She moved with a greater dignity, and for the first time became aware of the real worth of her mother, who until now she had somehow taken for granted. Martha's consternation and grief at her husband's sudden and prolonged disappearance, only broken by the visit of Skidmore and his camera, had been really pitiful, and the girl's eyes were opened to the real value and beauty of an undying love.
Her own misery, after the receipt of the letter brought by Skidmore, she had faced alone, and in her, as in all good and true natures, it had worked a change. It had softened her to the grief of another, and showed her, for the first time, that happiness is only really great when in sharp contrast with pain.
So this long and simple love-letter from Bud, while satisfying the cravings of the lover, stirred up again the misgivings of the doubter. And her cogitations resulted in the admission that Bud must be either one of two things. Either he was absolutely innocent of the imputations contained in the letter that Skidmore brought, or he was one of the most consummate villains at large.

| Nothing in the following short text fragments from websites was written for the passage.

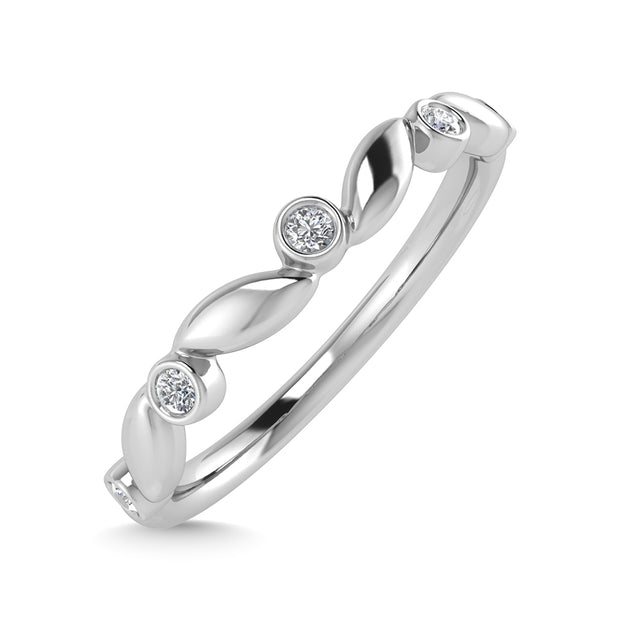 10K White Gold Diamond 1/20 Ct.Tw. Stackable Ring - Robson's Jewelers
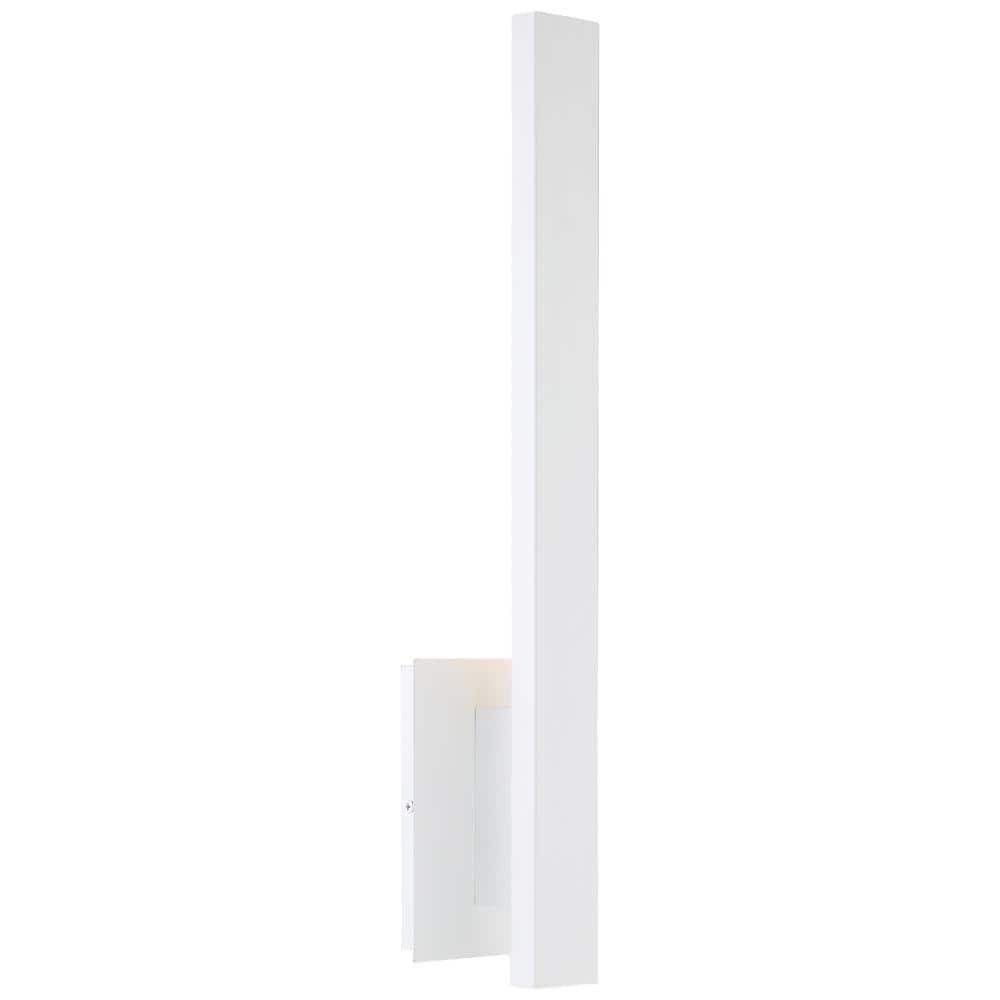 Access Lighting Haus 5 in. White LED Sconce with Acrylic Lens 62160LEDD ...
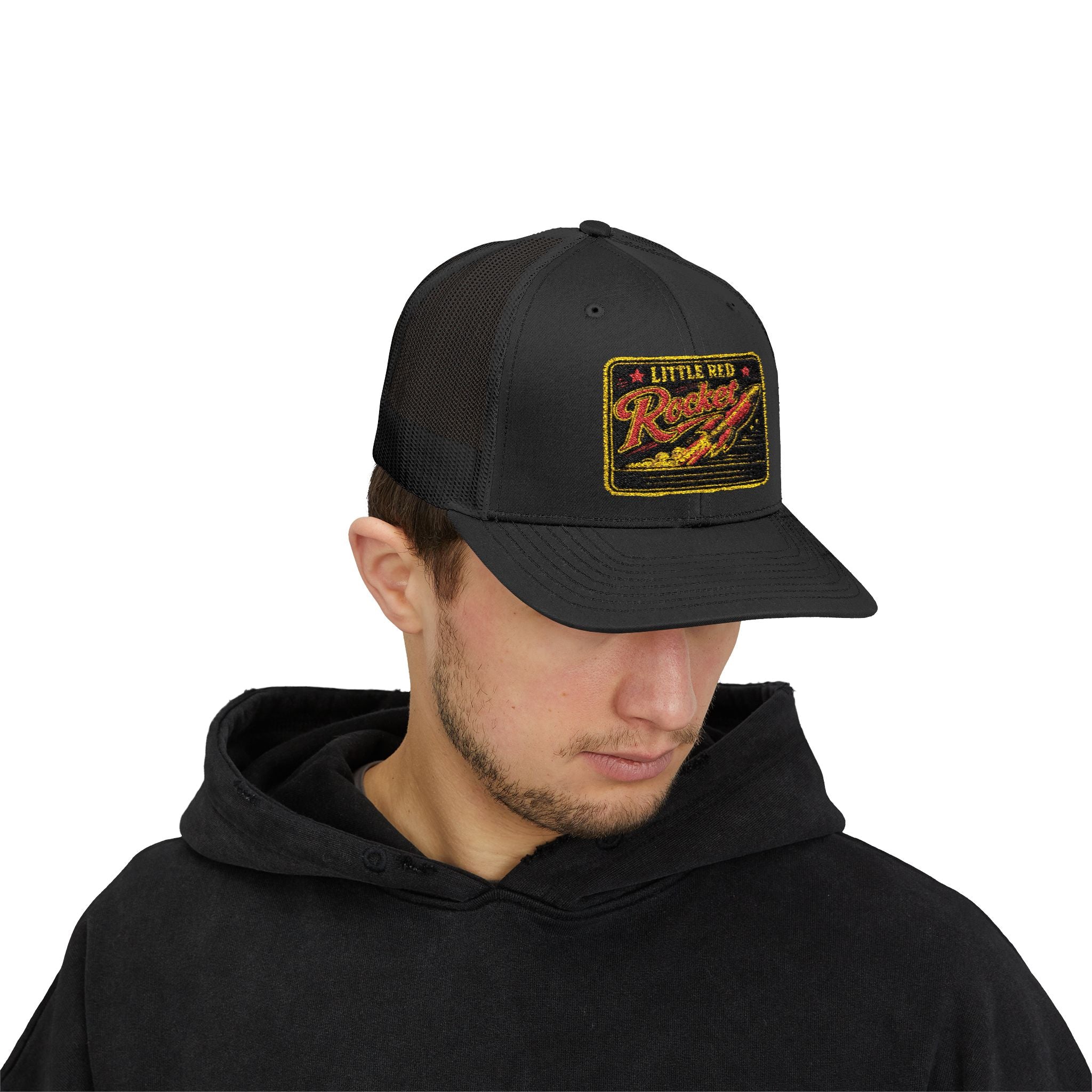 Retro 'Little Red Racing' Trucker Cap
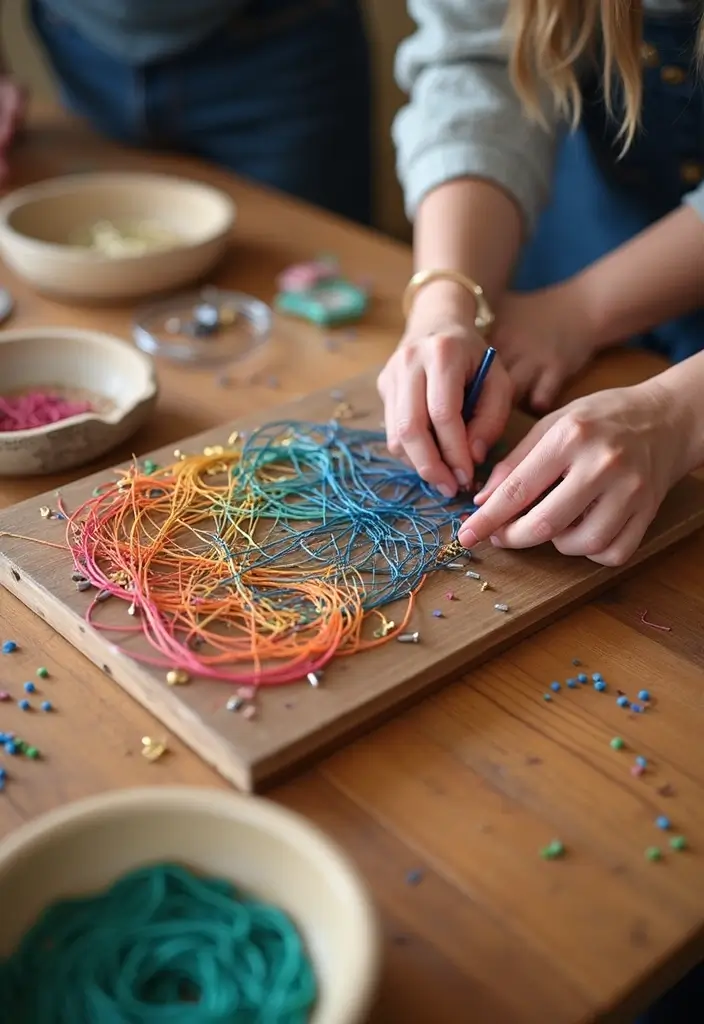 26 Couple Craft Ideas That Inspire Fun Creative Dates - 10. DIY String Art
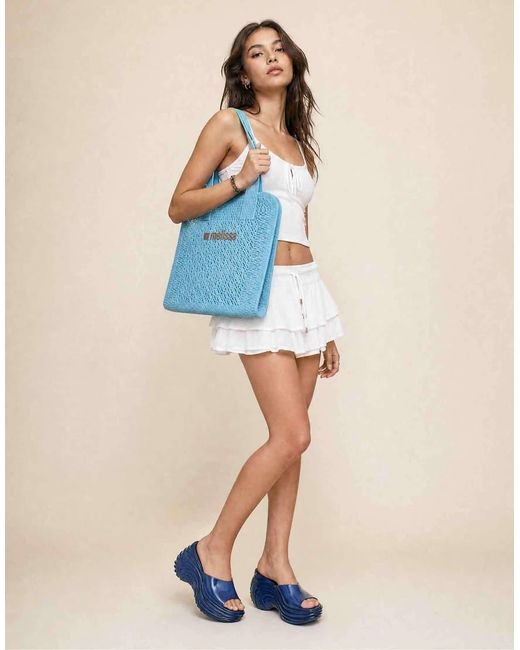 Melissa Blue Harper Tote Bag
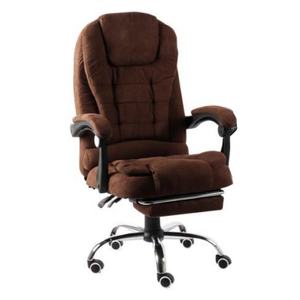 Moderne Draaibare Computerstoel Met Voetsteun Amber Bekleed Met Stof Liggend 135 Graden Verstelbare Silla De Oficina - Product Image 1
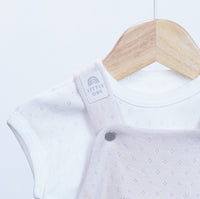 summer cotton salopette for baby boy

There were grounds for both suppositions, and the girl, after hours of vain struggle, found herself still in the middle ground, but more nervous and anxious than she had ever been.
The arrival of Mike Stelton under guard two days after that of the other rustlers created a sensation. For the girl it was the blow that shattered another illusion, for although she had never cared for the foreman, her belief in his unswerving faithfulness to the Bissell house was absolute. Now to see him the admitted leader of the gang that had steadily impoverished her father was almost unbelievable.

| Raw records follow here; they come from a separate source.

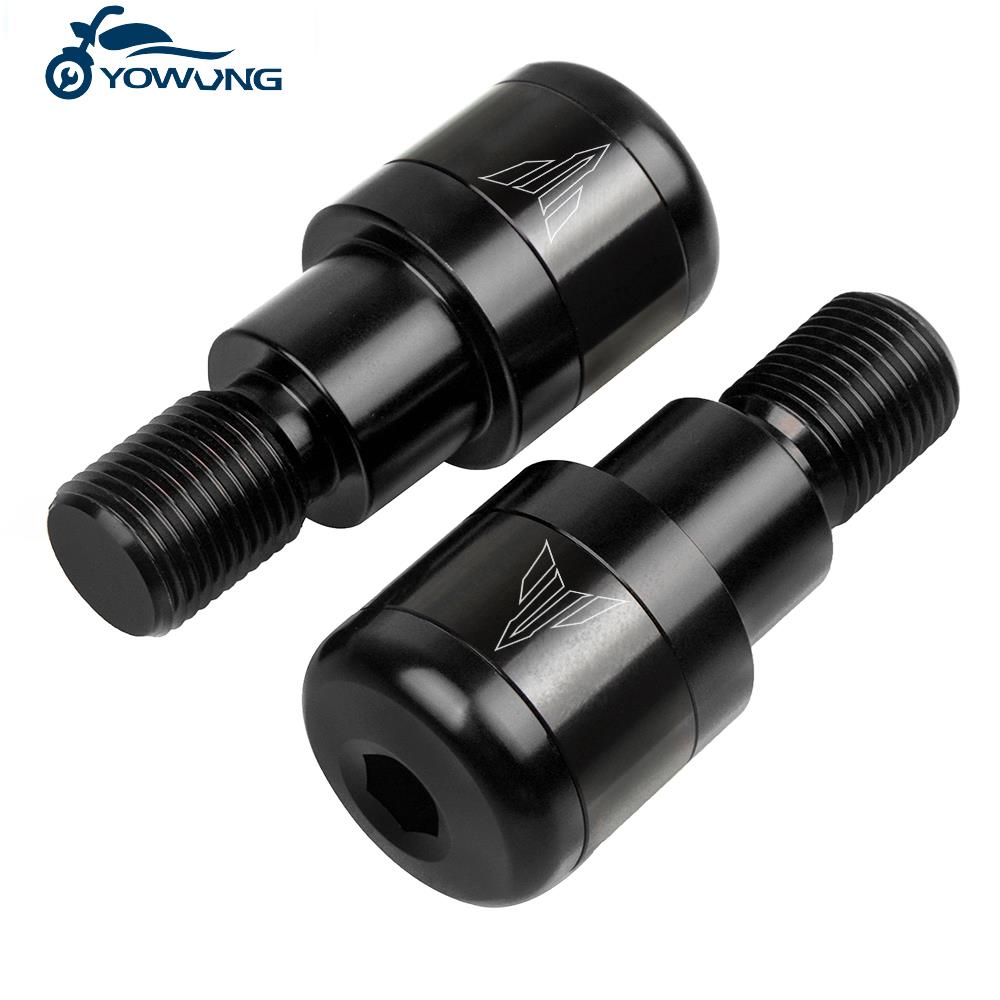 Poignées de guidon de motos, bouchon coulissant, extrémités de barre de poignée adaptées à YAMAHA MT03 MT07 MT09 MT10 MT 03 07 09 10 TRACER GT, 900: Black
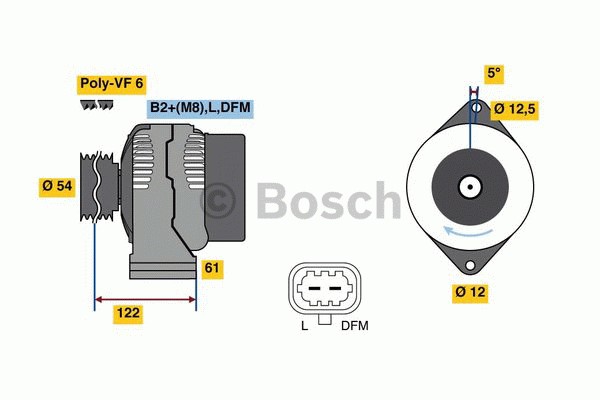 Generator 14V 140A Bosch 0 986 080 380 BOSCH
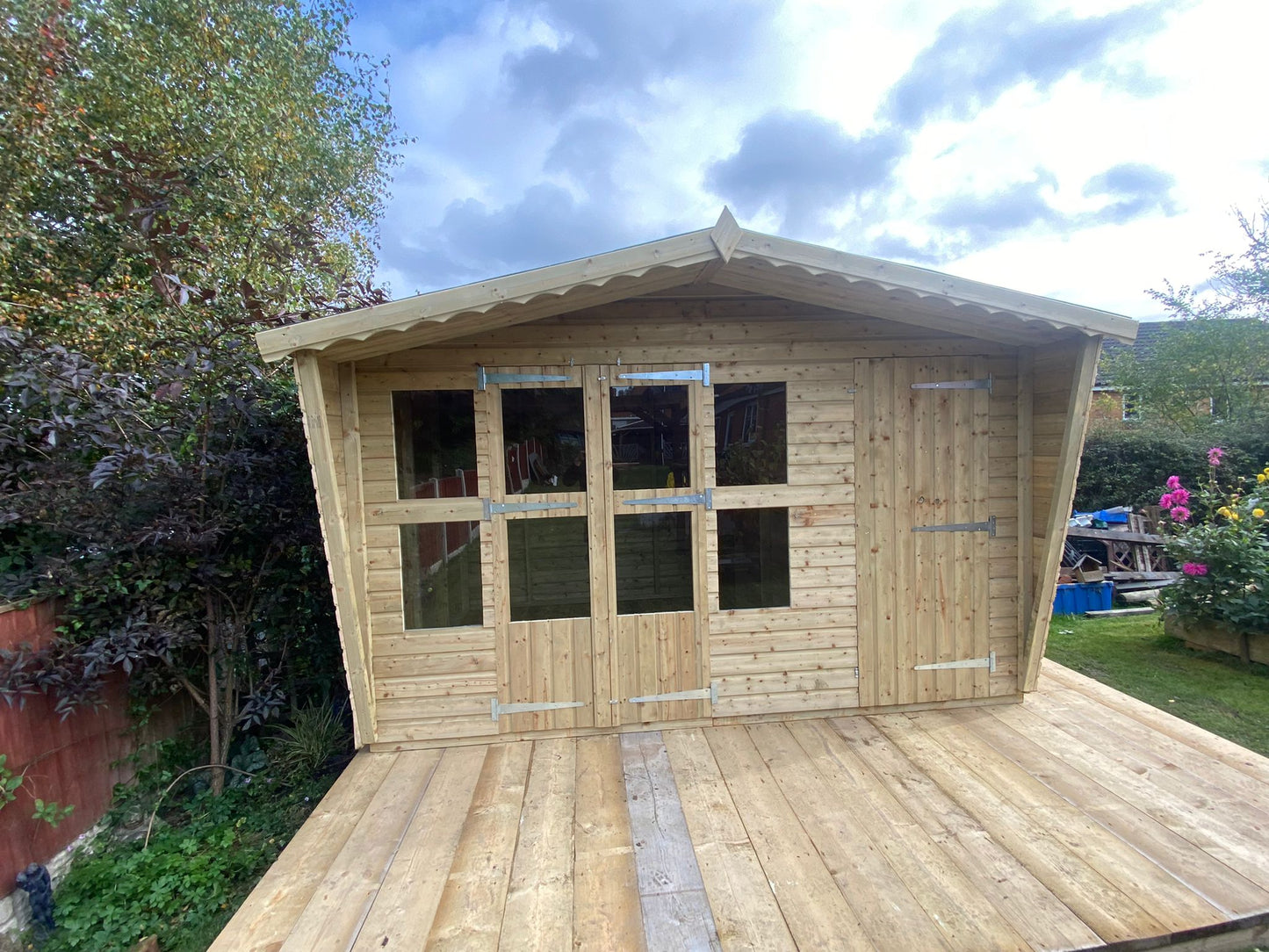 12x8 Tanalised Summerhouse/Shed Combination Building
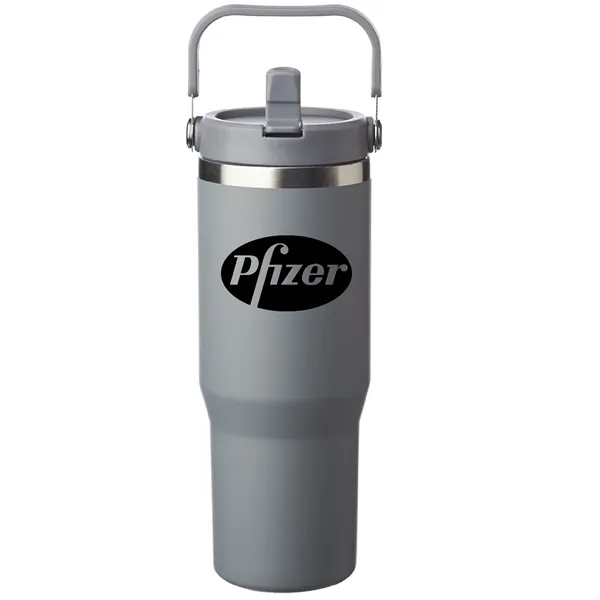 30oz Stainless Steel Bottle with Handle... from ASI 80060 VisionUSA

The man who brought Stelton in also brought a hurried scrawl to Juliet from Bud, which read:
Darling:
We are more than half-way up the range. Have recovered 1,500 head of rebranded stock, much of which is Bar T. Stelton is the head of the rustlers and I have the proof. Sorry to foist these criminals on the Bar T, but it was the nearest ranch, and besides, I want them there when your father comes home. Also I want to be able to tell you that I love you, and will love you always. With luck, two days ought to see the end of all these troubles.
Your Bud.
Probably the most miserable man in the whole cow country at this time was Smithy Caldwell. Aside from the fate he feared, his position among the captured rustlers was one of utter torture. The men had discovered that it was through his selfish scheming that Stelton had been betrayed, and they treated him with the cruelty and scorn of rough, savage men.

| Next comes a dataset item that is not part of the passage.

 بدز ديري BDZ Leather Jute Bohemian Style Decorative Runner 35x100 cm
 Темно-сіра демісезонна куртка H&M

So, when Stelton appeared, Caldwell fairly cringed. With the strange, unreasoning terror of a coward he feared bodily harm at the hands of the foreman, forgetting that, in all probability, his life was forfeit sooner or later.
His fear was all but realized, for no sooner were Stelton's hands unbound as he caught sight of Caldwell than he made a leap for him and would have strangled him then and there had not others pulled the two apart.
"There, you whelp!" bellowed Stelton. "That's a sample of what you'll get later on. All I ask is to see you kickin' at the end of a rope, you yellow-bellied traitor!" And Smithy, clutching at his throat, staggered, whimpering, away.
The day after Stelton's arrival Juliet conceived the idea of questioning the foreman about the letter that she knew Smithy Caldwell had written her. At her request he was brought into the living-room of the ranch house with his hands tied to permit of the guard leaving them together.
Now that all Bud's prophecies in regard to the man had been fulfilled, she feared him, and one glance at his dark, contorted face as he was led in increased this fear.
For his part the very sight of this sweet, quiet girl for whom he had waited so long, and through whose lover he was now doomed, brought a very eruption of rage. His lips parted and bared his teeth, his eyes were bloodshot, and his swarthy face worked with fury.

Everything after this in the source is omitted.